The exchange traded fund (ETF) industry has nearly 1,000 funds in the United States alone and nearly $800 billion in assets under management. Amid all this growth has come intensifying competition for new entrants into the space.
The pressure for new providers comes on several fronts: they need to have the time and devotion to wind their way through the various regulatory hurdles, they need to have the startup money and, perhaps most importantly, they need to have a unique angle that ensures their product stands out from an ever-growing crowd.
The Launching Process
Grail Advisors is one such relatively new ETF provider that successfully jumped over the various hurdles.
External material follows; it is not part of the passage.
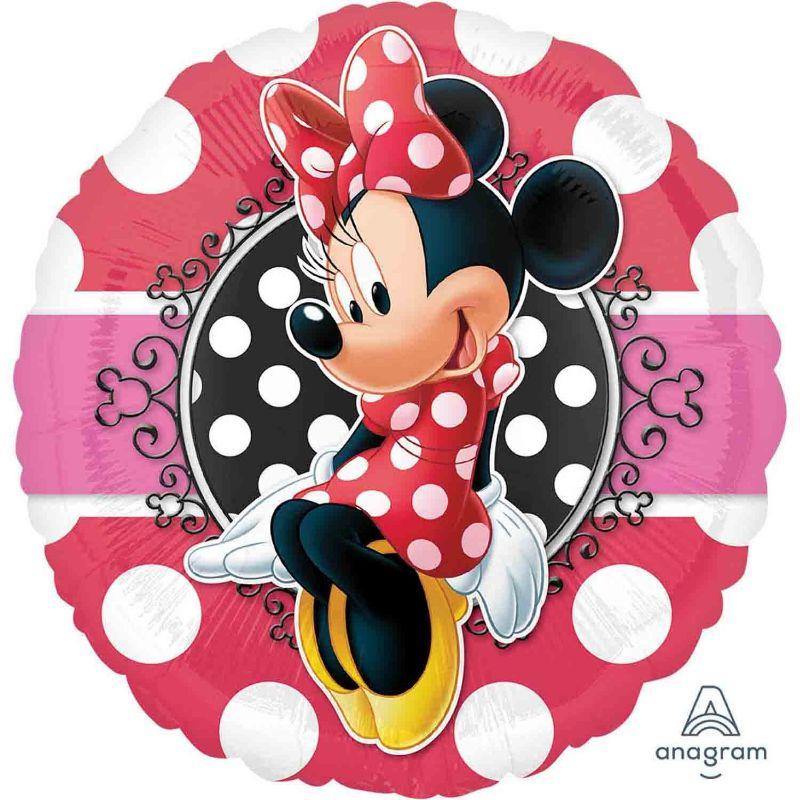 Minnie Mouse standard foil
Grail launched the industry’s first actively managed ETF in June 2009 – Grail American Beacon Large Value (NYSEArca: GVT).
The launch of a new ETF, especially when it’s your first, is a significant time and financial commitment. That means that if you want to be a player in the ETF industry, you’ve really got to want in. [3 Active ETF Misconceptions.]
Stacy Fuller, a member of the investment management practice group at K&L Gates, says, “I think they need to be prepared to make a real commitment and investment in the ETF marketplace. ETFs don’t always sell themselves; there can be big startup costs for an advisor.”
Every ETF starts with a filing with the Securities and Exchange Commission (SEC) for exemptive relief. This process alone can take anywhere from 9-18 months, says Fuller, who counsels actively managed, index-based and leveraged ETF providers on the exemptive application process.
The filing process for Grail took about 14 months, which was slightly longer than hoped, given that the provider was securing relief for a first-of-its-kind fund. [Pure-Play ETFs: Worth the Risk?]
After the exemptive relief is obtained, the ETF needs to be registered, which takes another 60-90 days, depending on the ETF’s strategy.
Once registration is done, the ETF provider needs to work with the SEC’s Division of Trading and Markets, get an interpretive letter and a listing standard.
“These are things any ETF needs, but the process is longer for actively managed ETFs,” Fuller says. This is largely because the groundwork has been laid for index-based ETFs to skip many of these steps, but that groundwork isn’t yet in place for actively managed ETFs. [Active ETFs: Why Low Volume Doesn’t Mean Illiquidity.]
“It can take quite awhile to get a new ETF out the door if you’re starting from scratch,” she says.
New ETF providers should be sure they’re going into ETFs for the right reasons. Given the time and money involved in getting funds off the ground, the passion has to be there.
William Thomas, Grail Advisors CEO, says that new entrants are often either moving into the industry for offensive or defensive purposes. In other words, they’re either doing it because ETFs are the hot, new thing or because they truly have a vision for their product.
“A lot of firms are doing it for defensive purposes, and not really quite sure of what they want to do in the ETF marketplace,” says Thomas.
Finding the Right Partners
From the get-go, Grail’s vision was to secure subadvisors for all their funds and not manage money themselves. Thomas says they also don’t want to be tied to one investment firm for all of their strategies, but to find the best match for each strategy through a careful due diligence process.